An all-out assault on glutamate is impossible. Half the neurons in the cerebral cortex use this transmitter, and a major reduction in its activity would be toxic. Instead, researchers are trying to target specific types of glutamate nerve receptors in specific parts of the brain. Acamprosate used in the treatment of alcoholism, acts at the NMDA receptor, a type of glutamate receptor. The anticonvulsant topiramate (Topamax), another proposed medication for alcoholics, may also act at that receptor. Memantine a relatively new drug that blocks NMDA receptors has proved promising in one small study of heroin addicts.
Researchers are working on other approaches to medication for addictive disorders. Some are looking into the possibility of preventing stress-induced relapse by blocking the activity of CRH. Others are experimenting with immunization for cocaine and nicotine training the immune system to recognize the drug by injecting a molecule that simulates its effect, creating antibodies with the capacity to break the drug down before it reaches the brain.
When the brain is addicted-The old and the new
Finding new things is a continuous process and as scientists dig into addiction it is being revealed that chemical solutions may not be found anytime soon. Therefore in future treatments will only help to psychosocial treatment. This can only mean that we will still embrace 12-step self-help groups, behavioral therapies, and exploration of traumatic and everyday proficiencies which are likely to have distressed the balance of the reward and inhibition system.

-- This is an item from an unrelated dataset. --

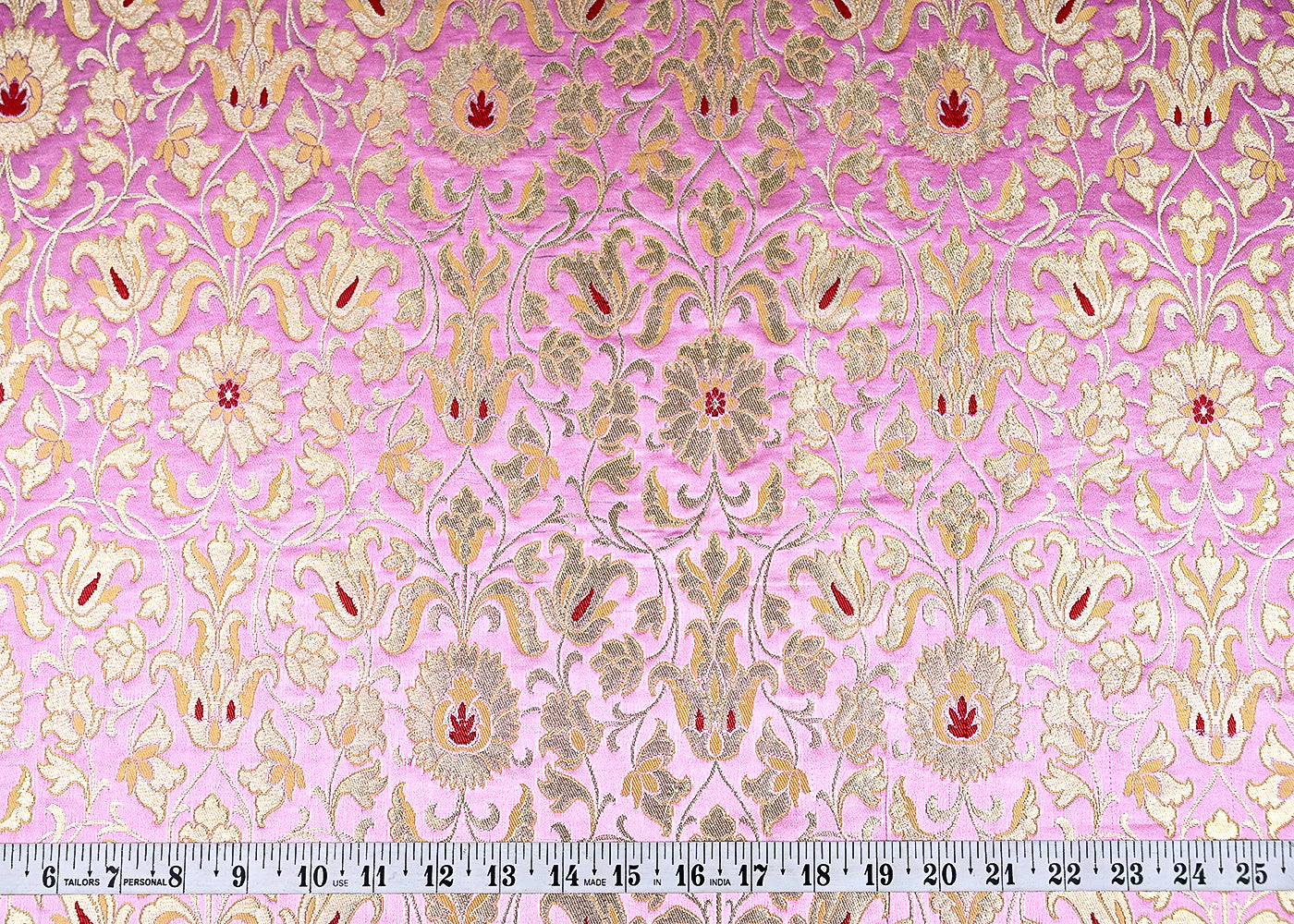(Pre-Cut 1 MTR) Baby Pink Banarasi Brocade Fabric With All Over Thread And Zari Handloom 18738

Behavior therapy offers the bases of reward and punishment that contest with the drug, such as payment for clean urine in the form of vouchers, or contingency contracts (in which addicts consent to forgo their cherished item if they go back to drug consumption).
Motivation or will can be regarded as a brain function that is damaged by addiction, just as language or movement can be damaged by a stroke. In successful treatment of a stroke, other parts of the brain assume the functions of the injured region. In the same way, treatment for addiction may be able to make use of the remaining healthy parts of the motivation system to repair the damage. Twelve-step groups and motivational enhancement therapy could be seen as ways of accomplishing that.
Administering treatment is often subject to the type of addiction and the addict. Novelty seekers and risk takers with inadequate reserve and conclusion may not respond to the same methods applicable to persons aggrieved by traumatic stress or hypersensitivity to daily stress. The great lesson we can get from this is that addictions are treatable chronic conditions but stretch longer to cures.
When we know the nerve receptors targeted by the addictive drugs we get to learn more about their separate and common effects. However there is still a lot to be achieved about:
- How changes in reward circuits results to addiction
- How the brain creates the unconscious memories that make addicts susceptible to relapse
- Why some people are especially vulnerable to addiction
- How to translate the knowledge we have into more effective treatments.
New brain research proposes that addiction is not just a property of certain drugs but a characteristic of certain human activities and relationships. Experts have established that there are similarities between the brain scan images of compulsive gamblers and drug addicts. The impression of addiction to television, video games, overeating, or sexual behavior may be more than a comparison. Discovering the biology of addiction could lead to a profound understanding of the sources of all human motivation and habit formation and this can only be done by the involvement of experts like doctor Dalal Akoury who has been of great help to many people the world over for over two decades now.